=== Begin Enclosure ===

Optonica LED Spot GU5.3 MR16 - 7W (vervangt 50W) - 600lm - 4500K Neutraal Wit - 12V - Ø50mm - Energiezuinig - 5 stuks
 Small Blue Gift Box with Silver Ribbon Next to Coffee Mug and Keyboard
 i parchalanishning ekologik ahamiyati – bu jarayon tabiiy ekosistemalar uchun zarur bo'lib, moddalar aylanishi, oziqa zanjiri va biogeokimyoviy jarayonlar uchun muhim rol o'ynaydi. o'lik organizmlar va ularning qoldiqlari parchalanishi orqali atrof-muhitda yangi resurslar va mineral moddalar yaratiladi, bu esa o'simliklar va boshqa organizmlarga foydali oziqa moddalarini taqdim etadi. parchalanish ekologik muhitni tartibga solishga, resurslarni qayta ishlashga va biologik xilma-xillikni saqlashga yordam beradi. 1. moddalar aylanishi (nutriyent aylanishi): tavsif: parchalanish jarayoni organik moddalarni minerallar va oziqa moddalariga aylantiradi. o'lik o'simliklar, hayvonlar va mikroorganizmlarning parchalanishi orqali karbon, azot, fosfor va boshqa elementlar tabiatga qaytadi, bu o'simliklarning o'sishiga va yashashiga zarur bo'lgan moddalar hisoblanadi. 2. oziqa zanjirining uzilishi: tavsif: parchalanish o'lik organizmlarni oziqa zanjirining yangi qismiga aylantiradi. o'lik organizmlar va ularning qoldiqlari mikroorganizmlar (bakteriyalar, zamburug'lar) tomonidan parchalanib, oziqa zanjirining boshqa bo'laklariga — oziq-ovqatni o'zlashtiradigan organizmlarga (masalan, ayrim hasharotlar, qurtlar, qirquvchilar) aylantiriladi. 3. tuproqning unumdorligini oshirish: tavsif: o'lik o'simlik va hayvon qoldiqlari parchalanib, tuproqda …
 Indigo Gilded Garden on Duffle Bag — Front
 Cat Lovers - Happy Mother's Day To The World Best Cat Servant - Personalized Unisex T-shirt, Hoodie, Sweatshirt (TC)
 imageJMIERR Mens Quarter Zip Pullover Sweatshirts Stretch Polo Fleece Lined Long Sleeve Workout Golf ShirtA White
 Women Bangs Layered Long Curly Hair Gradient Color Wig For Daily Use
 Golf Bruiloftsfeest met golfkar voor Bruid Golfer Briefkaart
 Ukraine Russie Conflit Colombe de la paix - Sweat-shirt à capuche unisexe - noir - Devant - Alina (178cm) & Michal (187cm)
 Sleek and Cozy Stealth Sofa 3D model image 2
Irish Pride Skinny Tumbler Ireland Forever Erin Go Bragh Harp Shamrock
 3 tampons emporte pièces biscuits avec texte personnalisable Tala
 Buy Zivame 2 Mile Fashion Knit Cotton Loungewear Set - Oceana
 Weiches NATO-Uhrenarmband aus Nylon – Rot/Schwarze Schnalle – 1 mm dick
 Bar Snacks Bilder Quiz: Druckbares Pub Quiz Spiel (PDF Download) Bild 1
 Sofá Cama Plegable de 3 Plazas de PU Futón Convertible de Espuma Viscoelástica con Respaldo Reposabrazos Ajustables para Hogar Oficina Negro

=== End Enclosure ===

Using the records above, set down exactly the lines from the one with "Sleek and Cozy Stealth Sofa 3D model image 2" through the one with "Bar Snacks Bilder", inclusive, and nothing more.

• Expected answer
 Sleek and Cozy Stealth Sofa 3D model image 2
Irish Pride Skinny Tumbler Ireland Forever Erin Go Bragh Harp Shamrock
 3 tampons emporte pièces biscuits avec texte personnalisable Tala
 Buy Zivame 2 Mile Fashion Knit Cotton Loungewear Set - Oceana
 Weiches NATO-Uhrenarmband aus Nylon – Rot/Schwarze Schnalle – 1 mm dick
 Bar Snacks Bilder Quiz: Druckbares Pub Quiz Spiel (PDF Download) Bild 1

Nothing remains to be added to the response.